Подчеркивая близость романа Левкина с бестселлером Чернышевского, можно было бы назвать его “Что не делать?”. Ответ напрашивается очевидный: в то время, когда “одни зарницы огневые, воспламенясь чередой, как демоны глухонемые ведут беседу меж собой”, следует не делать ничего. И перевод дешевых бульварных романов — это именно то занятие, которое и является ничем. Так же, как и работа толмача по обслуживанию разных прохвостов и проходимцев. Именно это ничего и может стать спасение для России.
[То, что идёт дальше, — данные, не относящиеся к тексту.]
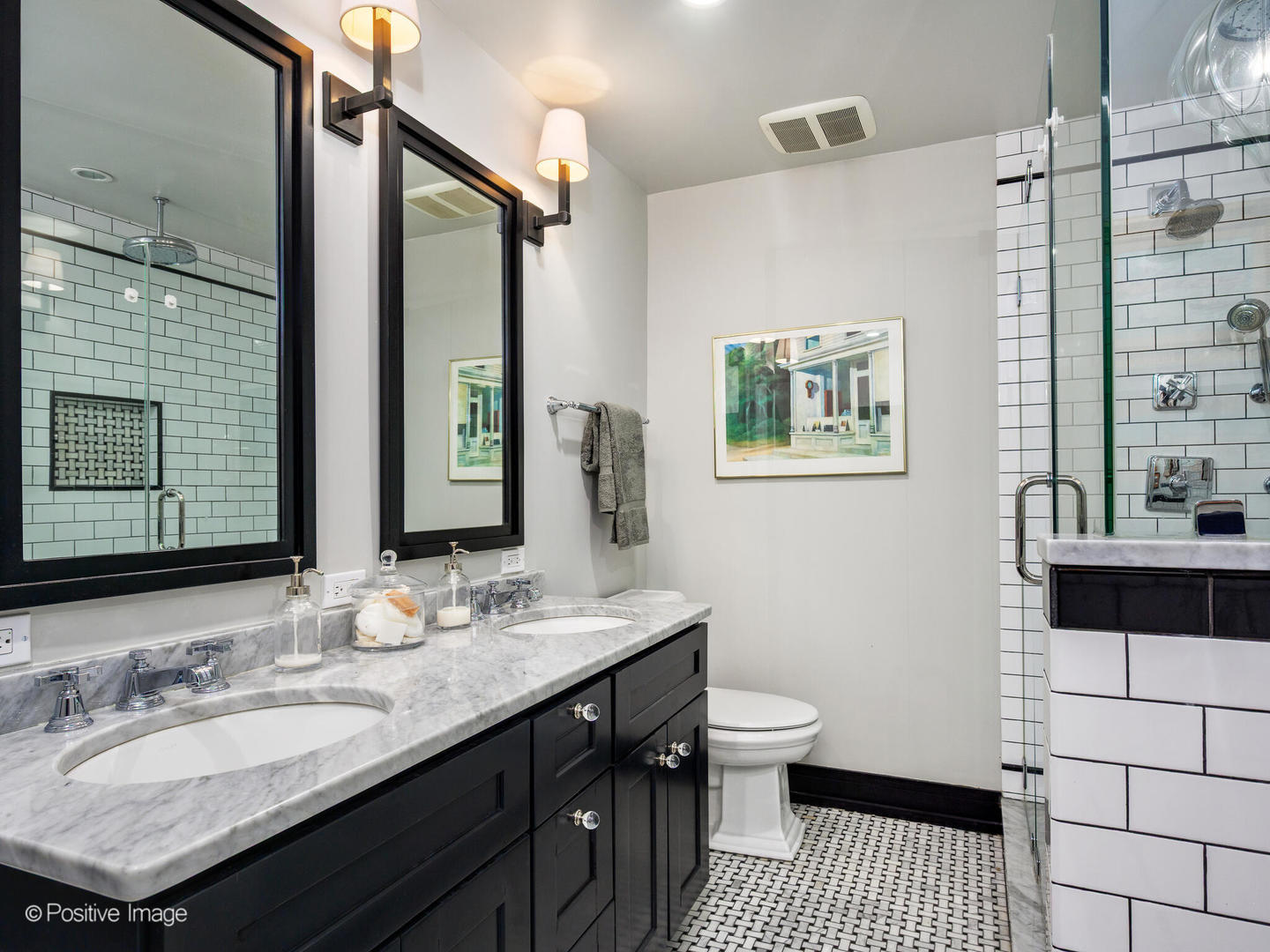 839 North Dearborn Street, Unit F Chicago, IL 60610 - Photo 21 of 40 a bathroom with a granite countertop sink a toilet a mirror and shower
Только в настойчивом утверждении ничего на всех уровнях, в откровенном пофигизме, можно найти опору для созидания. Ведь народ наш, по Левкину и не только, противится любому насилию и способен созидать только из чувства сопротивления.
В обоих романах убедительно проявляется деструктивно-фатальный смысл самого понятия “переводить” и производного от него — “переводчик”. В отношении к собственной жизни героев этот смысл очевиден. Энтропия бегущего времени размывает берега личности и всех попыток более прочного и устойчивого существования. “И правильно бог сделал, — замечает герой Гиголашвили, — что развалил Вавилонскую башню: меньше понимания — меньше контактов — меньше ссор — меньше крови, пота и слез. И нечего толмачам эти осколки склеивать. Пусть каждый у себя в норе живет и за калитку не суется. Меньше нервотрепки для всех”.
Перевод оказывается в итоге именно тем благим намерением, которое приводит в ад. А переводчик — всего лишь невольный слуга и пособник дьявола. Но, тем не менее, и Левкина, и Гиголашвили никак нельзя зачислить по разряду “исповедников дьявола” или “гинекологов души”. В своих романах они представлены преимущественно как “следопыты”, добросовестно реализующие призвание психоаналитиков общества.
Оба романа, хотя и в разной мере, удовлетворяют давно назревшую потребность в типично русской прозе, с интеллигентными, любящими и умеющими поговорить героями, сохраняющими устойчивый интерес к вечным темам и проблемам российского культурного сознания. С героями, которые, цитируя Левкина, позволю себе заменить единственное число на множественное, приведены “в свое нынешнее состояние Великой Русской Литературой. Не прямо, разумеется, но определенные ее рефлексии явно потоптали их подкорку”.
А.Левкин. Голем, русская версия: Роман, рассказы, повесть. — М.: ОЛМА-ПРЕСС, 2002.
М.Гиголашвили. Толмач: Роман. — СПб.: Лимбус Пресс, 2003.